Action- Re-thinking the websites and the core product and via that re-thinking, focus on maximizing what each does best. I strongly believe that WEBSITES still suffer from lack of definition...an outgrowth from when they were nothing more than companions to the core product. Well, they're a lot more than companions, but they still have a lot of that sort of look and feel. This sounds pretty obvious, but back to that denial point above---We may think we're there but we aren't---
CONFUSING ECONOMICS WITH CREATIVITY :
Action- Creative thinking costs nothing. It's an asset we all have in house but I'll guess our culture still suffers from the old school "keep the creatives in their place". the creative thinkers you have are the BEST revenue tool we have. Identify them and let them design your future, and if you're on the revenue side, they are your BEST weapon. It ain't focus groups, marketing packages, expert blogs or industry chatter---it's YOUR creative talent. Liberate them...and PUSH them. Many are conditioned to doing it a certain way because we re-enforce the idae of average being acceptable. You may think you don't, but we do simply by not PUSHING the importance of reinvention...or by not PUSHING the attack on average, or by not PUSHING the attack on
INCOMPLETE PACKAGES: Product looks great but marketing is cheesy. My "favorite" is a newspaper that is a last bastion of local information quality, but the marketing materials resemble K-Mart.

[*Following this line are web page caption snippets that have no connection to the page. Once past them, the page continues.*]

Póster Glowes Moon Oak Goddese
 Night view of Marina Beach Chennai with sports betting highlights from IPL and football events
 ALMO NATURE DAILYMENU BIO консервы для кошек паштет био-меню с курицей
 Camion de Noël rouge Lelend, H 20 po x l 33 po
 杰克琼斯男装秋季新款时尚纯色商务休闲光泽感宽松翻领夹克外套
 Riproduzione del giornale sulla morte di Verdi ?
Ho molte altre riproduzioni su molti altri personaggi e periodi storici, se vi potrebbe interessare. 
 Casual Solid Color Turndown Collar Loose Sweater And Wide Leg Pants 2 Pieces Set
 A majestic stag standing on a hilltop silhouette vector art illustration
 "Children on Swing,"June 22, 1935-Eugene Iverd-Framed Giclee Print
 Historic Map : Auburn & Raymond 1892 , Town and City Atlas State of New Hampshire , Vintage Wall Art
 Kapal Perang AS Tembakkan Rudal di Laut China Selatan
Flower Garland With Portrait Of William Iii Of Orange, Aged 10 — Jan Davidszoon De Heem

Action- Take the message you have and turn it over to the most adventurous thinkers you have. Balance the sensible message with an insensible delivery. You'd be surprised at how the message can cut through the noise.
...and finally, I'm not sure where he finds these, but another great quote uncovered by Bill Childs at the Morning Call:
"We are all faced with a series of great opportunities
brilliantly disguised as unsolvable problems."
-- John Gardner
Posted by Lee at February 18, 2009 09:09 AM
I will have to say that I disagree with your statements about "losing mission statements". Though it may be true that motivated people do not need the motivational posters adorning their walls, they do need a reminder of why they are working so hard. This reminder/reason is the motivation for a marathon runner to get up at 5am and go for a 5 mile run before work; for a teacher to begin a new year with new students and new minds; for corporate mid-manager to feel good about his contributions to the company that he works for.
The real reason why mission statements don't work is because it is too general to motivate anyone. Often times it is a written statement of positive fluff. Ultimately, for a mission statement to work, each department within a company needs to ask the question of how THAT department contributes to the mission and furthermore, each employee in each department needs to do the same thing for themselves.
Mission statements that don't hit home are just words on a wall written in a corporate conference room or some human resource document that gets shoved in a desk drawer after it was read one time. Mission statements that motivate are written on piecees of paper that are posted up on cubicle walls and in department break rooms. An often overused example of mission statement simplicity is Google's "Don't be evil." This statement is simple enough to where people get the message and yet it also allows for personal interpretation and self-analysis so that employees can ask themselves how they can contribute to that.
In times like these we all need to be motivated, we just need to be honest about what really motivates us.
Does being "Cutting Edge; Courageous; Adventurous; In touch ; Leading the market; Relevant etc..." really do it?